- Country: India
- State: Karnataka
- District: Bengaluru Urban
- City: Bengaluru
- Lok Sabha constituency: Bangalore Central
- Assembly constituency: Gandhi Nagar

Government
- • Type: Municipal Corporation
- • Body: Bengaluru Central City Corporation
- • MP: P. C. Mohan (BJP)
- • MLA: Dinesh Gundu Rao
- • Councillor: T. Gopala Krishna

Area
- • Total: 1.93 km^{2} (0.75 sq mi)
- • Land: 1.93 km^{2} (0.75 sq mi)
- • Water: 0 km^{2} (0 sq mi) 0%
- • Park area: 0.14 km^{2} (0.054 sq mi)

Population (2011 Census)
- • Total: 31,208
- • Estimate (2014): 35,310
- • Density: 16,334/km^{2} (42,300/sq mi)
- • Males: 19,566
- • Females: 15,744
- Time zone: UTC+5:30 (IST)
- Pincode: 560 009
- Area code: 080

= Gandhi Nagar, Bengaluru =

Gandhi Nagar is a locality situated in Bengaluru. It is a bustling neighbourhood of Central Bengaluru.

==Administration==
Gandhi Nagar is a part of ward number 94 of the Bruhat Bengaluru Mahanagara Palike (BBMP). The Gandhi Nagar ward falls under the Gandhinagar assembly constituency and the Bangalore Central parliamentary constituency. The ward has a total area of 1.93 km^{2}. Per the 2011 Census, the ward had a population of 31,208, with 6,599 households.
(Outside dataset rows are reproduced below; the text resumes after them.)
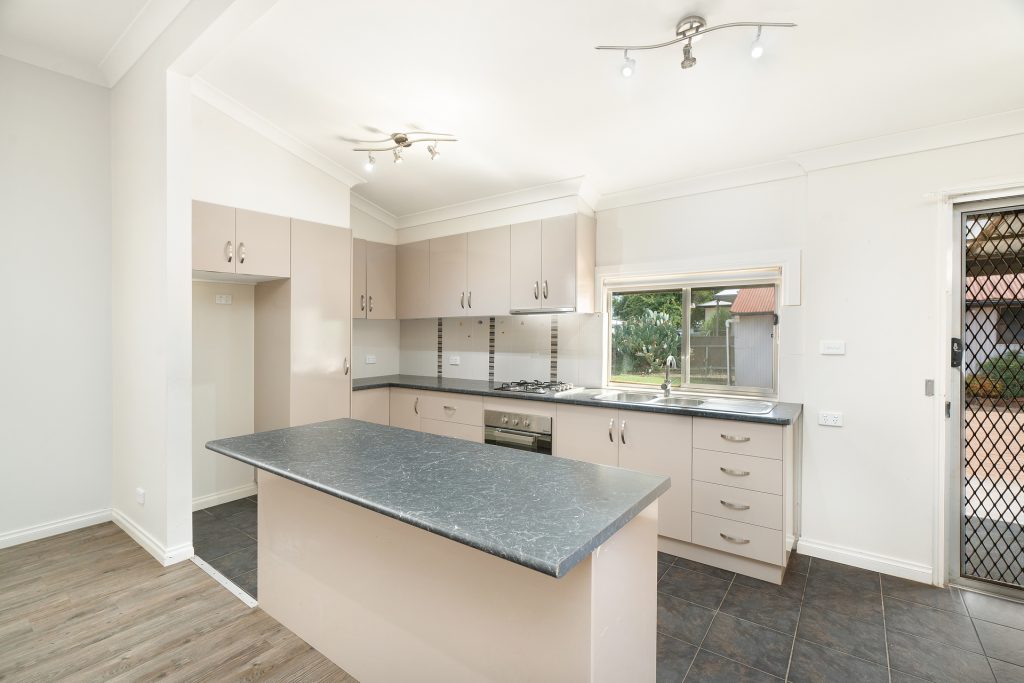 19 Ash Street, Leeton NSW 2705 - photo 2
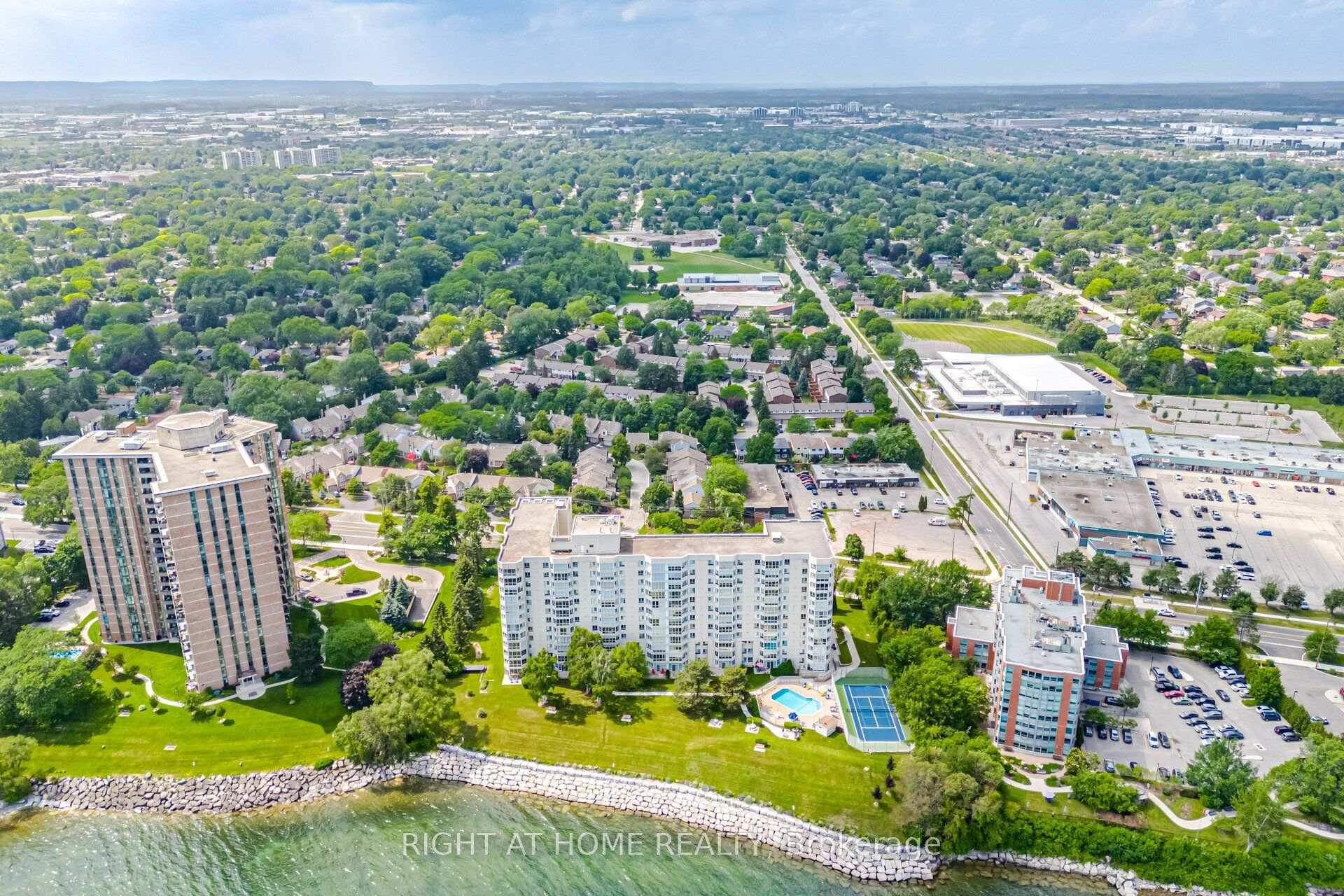 1104 - 5280 Lakeshore Road Burlington Ontario Canada Rent residential Jude Rahmouni Right at Home Realty, Brokerage*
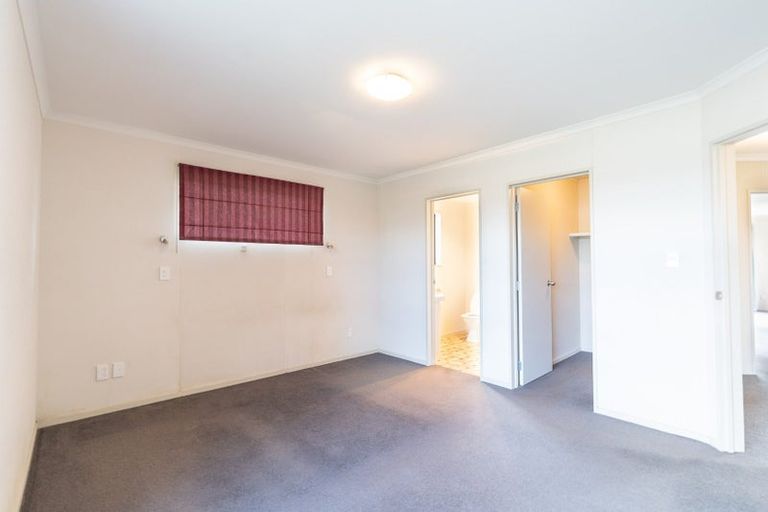 Photo of property in 21 Brooklyn Heights Drive, Kelvin Grove, Palmerston North, 4414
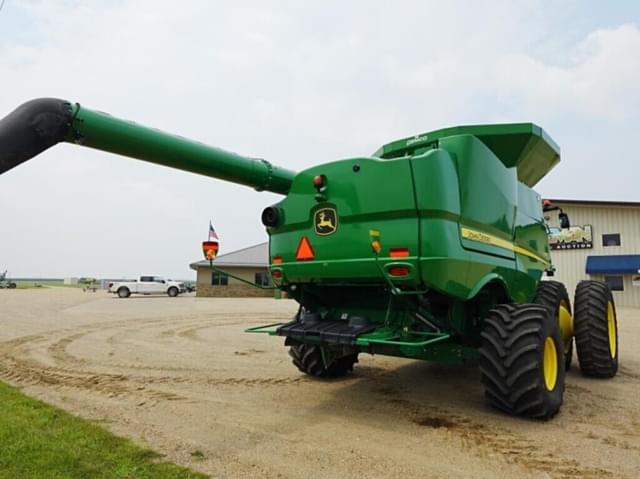 Image of John Deere S680 equipment image 3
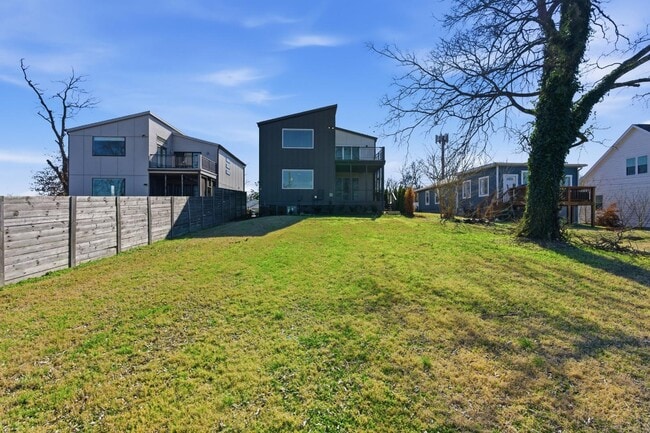 Photo - 426 Patterson St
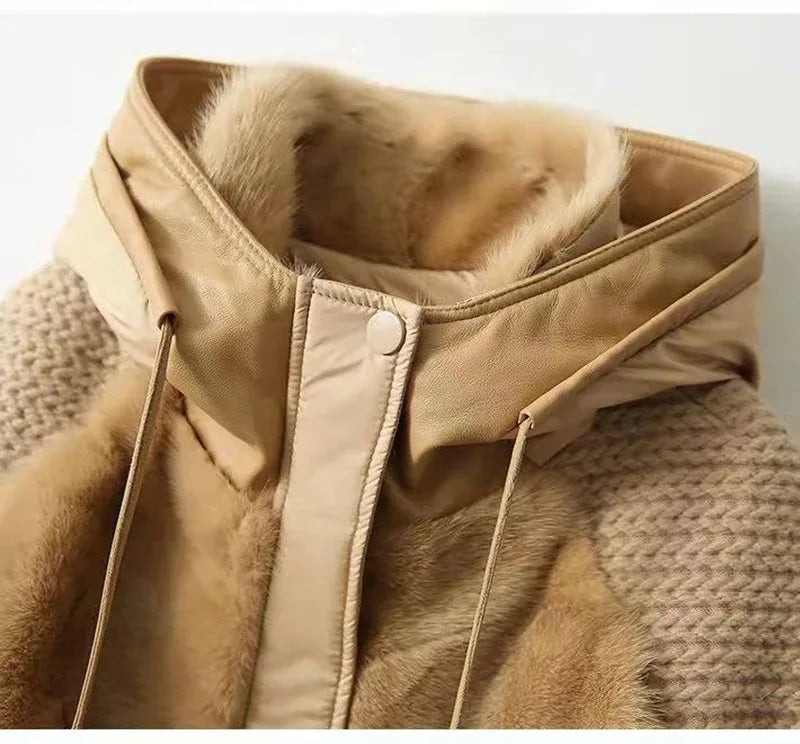 Damen Steppjacke mit Kapuze, Pelzbesatz und Strickärmeln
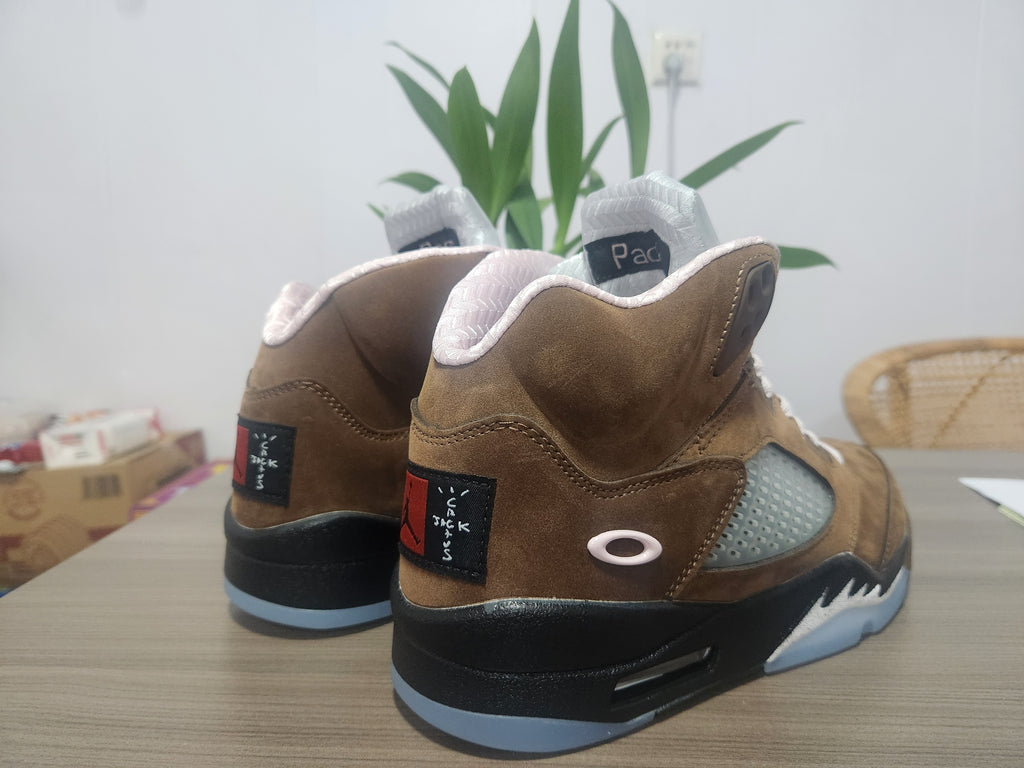 Air Jordan 5 Unisex Sneakers – Dark Brown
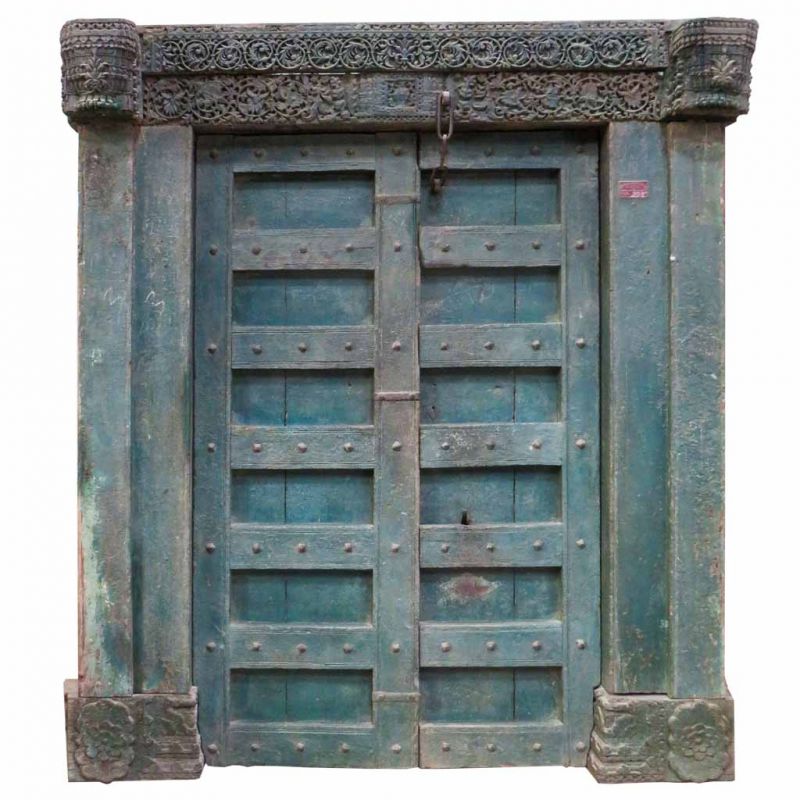 puerta de madera y metal acabado artesanal azul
The population of the ward declined by 11.60% from 2001 to 2011.

The following localities are a part of the Gandhi Nagar ward: Seshadripuram, Ramakrishna Layout, Nehru Nagar, VV Giri Colony, Bangalore City, Kempegowda Bus Station, R.K. Puram, Gandhinagar, Srirampuram, Okalipuram, Ramachandrapuram, Upparpet, Chikpete.